According to Bergne’s findings, Andreev (in ‘The Ethnography of Tajiks’ 1925) studied physical and linguistic differences of Tajiks in the mountain areas and in plains. He and several other Russian military officers noted that Tajiks in the mountains looked more ‘European’ than the ones “who had succeeded in keeping their position in the plains” (Bergne 2007: 11). Further Bergne adds that Lt. Colonel Snesyarref of the Russsian General Staff in his description of Eastern Bukhara (1906) describes Tajik plainsmen as being “mixed with Turkic stock”, the latter remained unexplained and undescribed by Bergne. When it comes to differences in the way of life, Bergne notes that Tajiks are “mainly settled and engaged in agriculture” whereas Uzbeks “were still at least semi-nomadic and engaged in stock-raising” (ibid.).

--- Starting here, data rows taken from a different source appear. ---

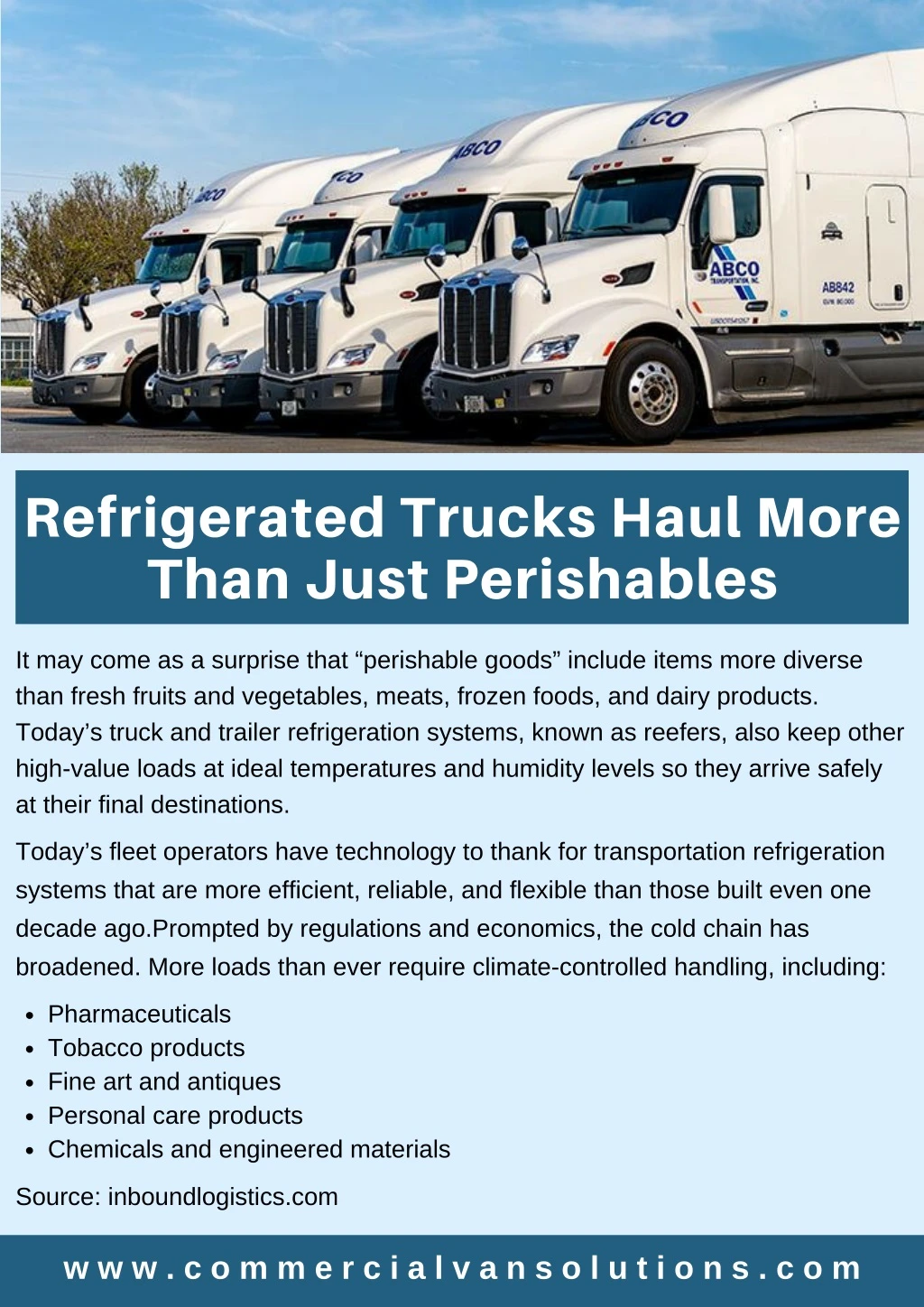 refrigerated trucks haul more than just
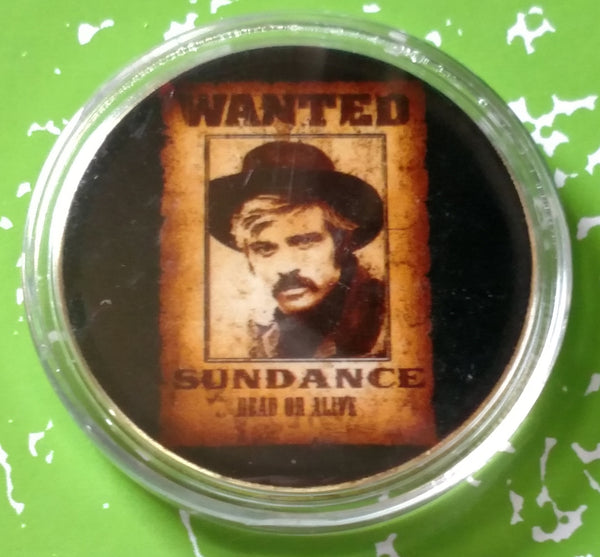 SUNDANCE KID WANTED POSTER OLD WEST #BXB333 COLORIZED GOLD PLATED ART ROUND - 1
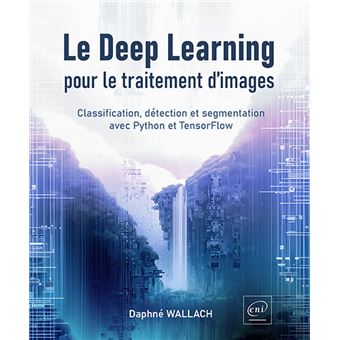 Le Deep Learning pour le traitement d’images - Classification, détection et segmentation avec Python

What is understood as the Uzbek nation nowadays was constructed by the Soviets, according to Sengupta. “The designation Uzbek, for instance, is being used in the Soviet sense to mean nation, whereas previously it had been used to mean a tribal classification of a dominant dynastic tribal tier, the Shybanids. Similarly, prior to 1924 there was no single Uzbek language that was prevalent in the region” (Sengupta 2002: 104). Just as we have seen with the term Tajik, the ‘so called’ Tajiks themselves had various other criteria as whom to consider Tajik, on the basis of religion, or origin (location-wise). This again shows how unclear the terms were at those years of delimitation and are indeed still. But still is language a determinant of ethnic affinity?
 One of the examples of Persianisation of Uzbeks is elopement or bride-kidnapping which was popular among nomad Kyrgyz, Kazakh and Turkmen, and also among Tajik-speaking Roma of Central Asia. Kyrgyz and Kazakh believe it to be their cultural heritage and tradition, whereas among the sedentary population elopement is regarded as the worst offence and socially unacceptable. This attitude to elopement is largely shared by settled urban Uzbeks too. This assumption of mine doesn’t have any scientific proof whatsoever, but obviously this custom could be an interesting subject for future research.
 Chaghatay is one of the Turkic languages, claimed by Uzbeks to be ‘early Uzbek’. Sengupta reveals that “historically Turki was not a single language but a combination of dialects” (ibid. 90). Some pan-Turkist leaders, such as Gaspirali, strived to create one common Turki language, which could serve as a lingua franca among Turkic Moslems of the Russian Empire, but apparently he failed (cf. Sengupta 2002: ibid.).